Essentially a cross-platform streaming reader with support for UTF-8 and variable control strings (end of line sequence, separator and escape characters).
The writer has yet to be implemented.
Strings:
import format.csv.*;
[...]
var csv:String; // some data in CSV
trace(Reader.parseCsv(csv)); // native strings, default control strings ,"\n
trace(Utf8Reader.parseCsv(csv)); // ensure proper Utf8 handling (not always necessary)
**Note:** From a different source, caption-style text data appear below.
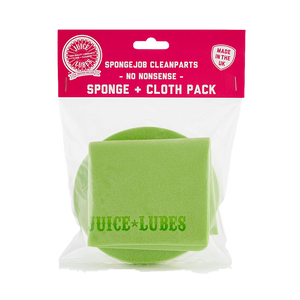 Juice Lubes Sponge and Cloth Cleaning Kit Spongejob 2 Pack Green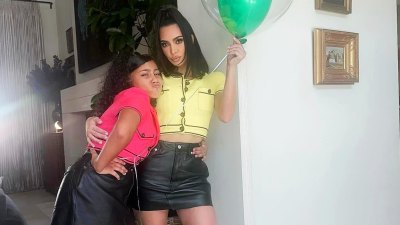 Kim and North twinning at Kourtney s baby shower 406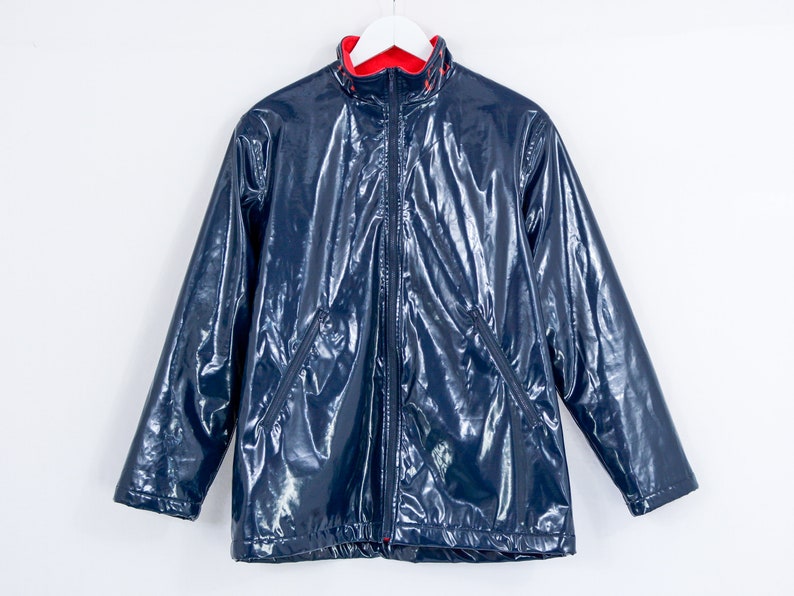 Blue vinyl jacket Elle fleece lining metallic vintage Etsy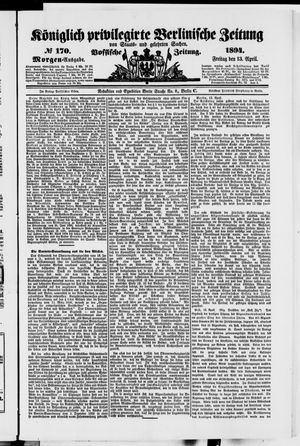 Königlich privilegirte Berlinische Zeitung von Staats- und gelehrten Sachen vom 13.04.1894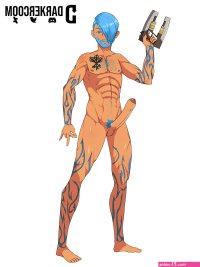 Commission Naked Custom Anime Blue Hair Male by Darkercoom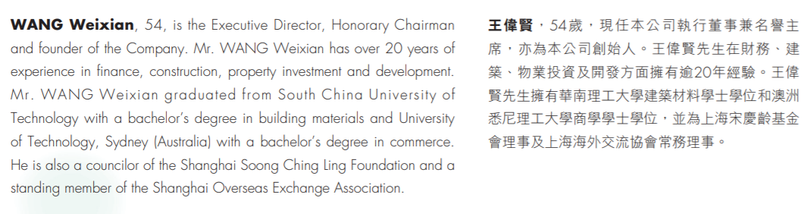 Thuyết minh về ông Wang Weixian trong Báo cáo thường niên năm 2017 của Greenland Hong Kong Holdings Limited. Thuyết minh về ông Wang Weixian trong Báo cáo thường niên năm 2017 của Greenland Hong Kong Holdings Limited.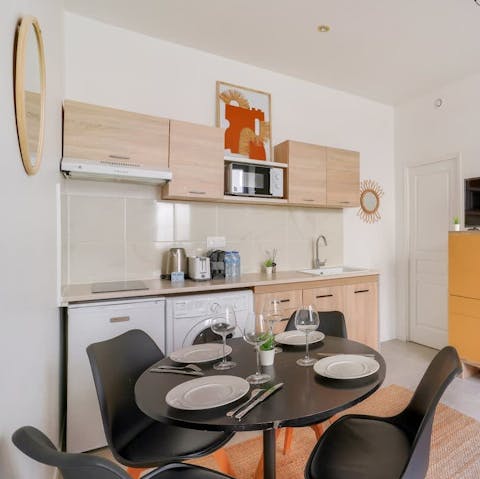 Dine or entertain at the intimate dining table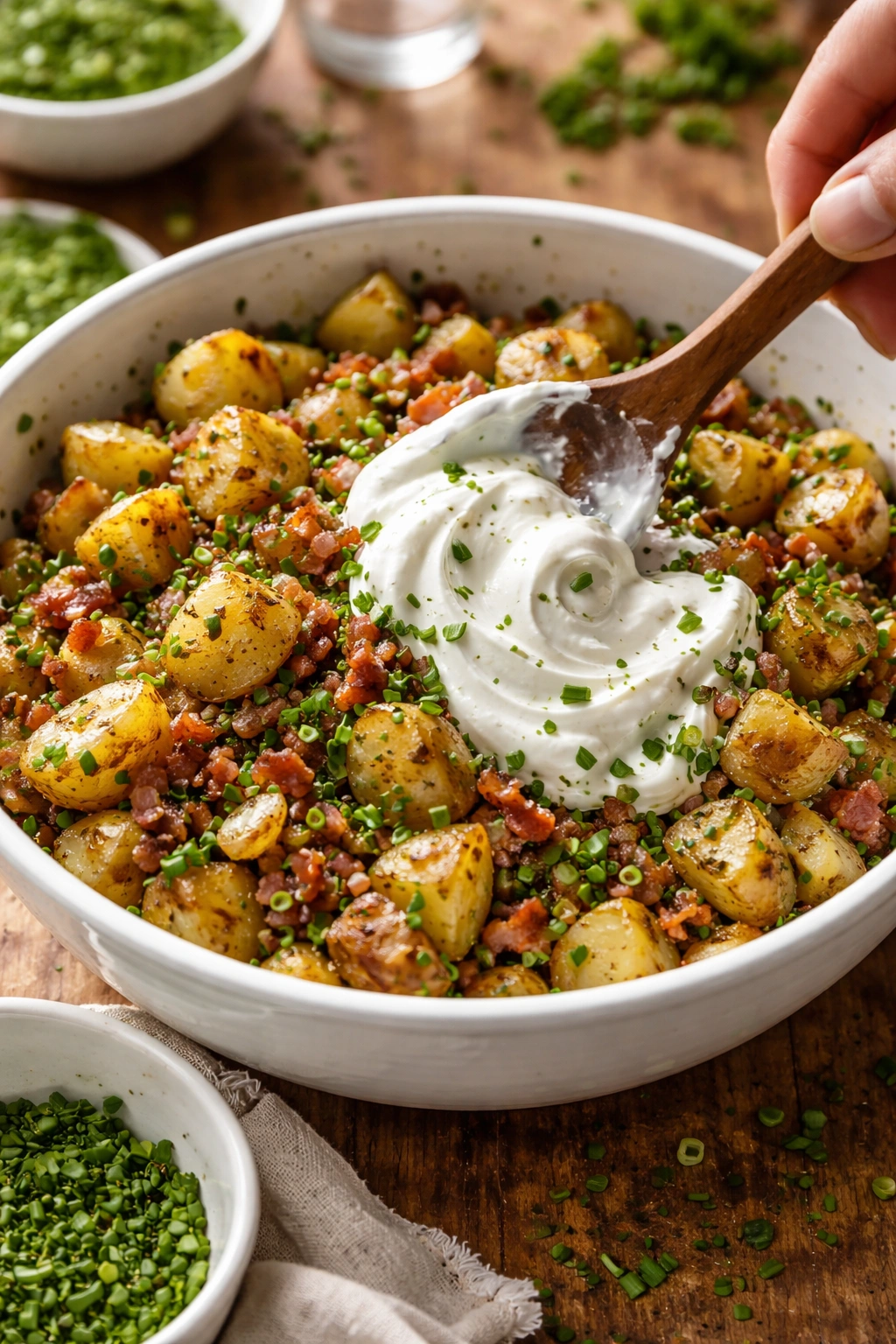 Warm potatoes with vinaigrette and fresh herbs showing layered textures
trace(Reader.parseCsv(csv, "|")); // use | for separator
Streams (haxe.io.Input
):
import format.csv.*;
[...]
var input:haxe.io.Input; // CSV data in a File, Socket or other Input subclass
// create a reader
var reader = new Reader(); // optionally specify different separator, escape or EOL strings
// open the stream
reader.open(null, input); // a string or a combination of both string and input can also be used
// to reset; the reader will always try to start with the string and
// then pass to the stream
// use the iterable interface
for (record in reader)
trace(record); // do some work, without first having to read the entire stream
// OR read everything
trace(reader.readAll());
Using as static extensions of String
and Input
:
using format.csv.Reader; // OR format.csv.Utf8Reader
[...]
var csv:String; // some data in CSV
var input:haxe.io.Input; // CSV data in a File, Socket or other Input subclass
// statically extending String
trace(csv.parseCsv()); // native strings, default control strings ,"\n
trace(csv.parseCsv("|")); // use | for separator
// statically extending Input
// use the iterable interface
for (record in input.readCsv())
trace(record);
// OR read everything
trace(input.readCsv().readAll());
The reader uses a recursive descent parser. Although it's arguably more
verbose than other implementations, specially those without simultaneous
support for streams (haxe.io.Input
) and UTF-8, the code should be quite easy
to read, debug or change.
Almost everything needed for UTF-8 support comes from haxe.Utf8
, except for a
reimplementation of the validation function for bytes. This is needed for all
targets with pre-defined string encoding; on them, creating a string from
invalid or incomplete bytes will result in a error, either immediately or when
they're first used.